It was the same story with Indo-Chinese non-vegetarian recipes. She had quite a variety of recipes in hand and was especially good at making them. Back then, restaurants were fewer and her cooking was deemed truly restaurant-style.
This Pepper Chicken, however, is a humble concoction of her daughter, yours truly. There was some chicken at home, amma was not sure what to make with it and said I can do what I wanted. Ah, the golden words. Since we already had a couple vegetable curries for lunch anyway, I was under no pressure to match my chicken dish with anything – it could be anything I wanted. So this simple Kerala-style Pepper Chicken came to be.

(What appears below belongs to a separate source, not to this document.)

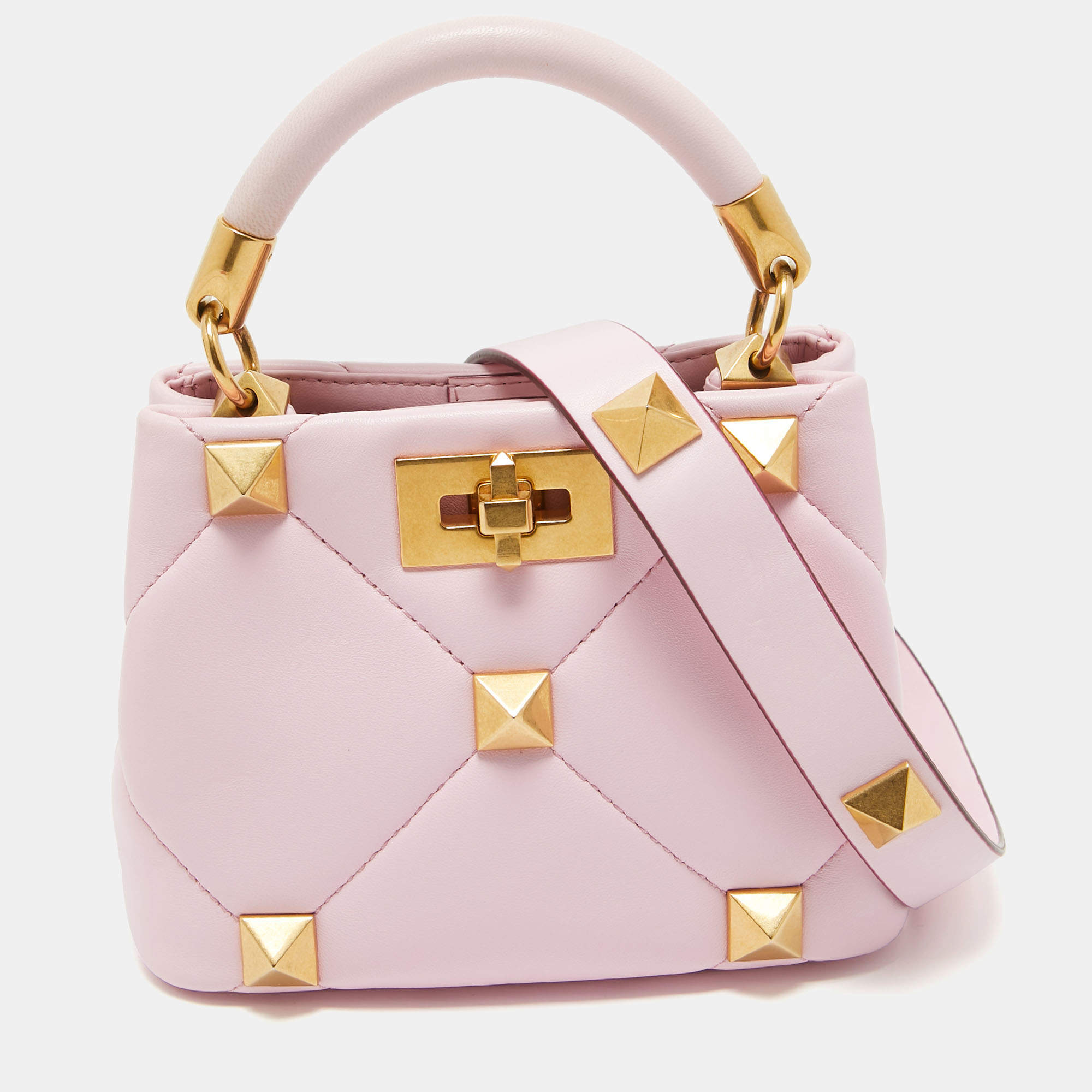 Pre Owned Valentino Pink Quilted Leather Mini Roman Stud Top Handle Bag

Dry Indian Pepper Chicken Recipe-Pepper Chicken Masala Recipe
Preparation time: 10 minutes
Cooking time: 20 minutes
250 gm of boneless chicken breast, cleaned and cut into long strips
1 cup of sliced onions
1.5 tsp of whole black pepper corn
1 tsp of fennel seeds (saunf / perumjeerakam)
1 tsp of coriander powder
1 tsp of chicken masala (or meat masala or garam masala)
3 cloves of garlic, crushed
1 small piece of ginger, crushed
1 tbsp of oil (preferably coconut oil)
1/4 tsp of mustard seeds
1 strand of curry leaves
1/2 tsp of vinegar or lemon juice
How to make Pepper Chicken:
1. Heat oil and add the mustard seeds. When they pop, add the sliced onions and sautè until they turn golden brown. I like the onions very nicely roasted so I let it stay longer.
2. Meanwhile, coarsely crush or grind the peppercorn and fennel seeds.
3. Once the onions are brown, add the pepper+fennel powder along with the coriander powder and chicken masala. Top off with the ginger and garlic. Fry for a minute.
4. Next, add the chicken pieces and curry leaves. Mix well and add 1/4 cup water. Let it come to boil and cook covered on low heat until the chicken pieces are soft and tender (about 15 mins). Make sure you give it a stir every now and then.
5. When the chicken is cooked, cook further leaving the pan open so that any extra moisture is absorbed. Remember this is a dry pepper chicken preparation. Finally add the vinegar or lemon juice along with salt, cook for another 2-3 mins, and remove from fire. You can add some more freshly ground pepper powder on top before serving the Pepper Chicken.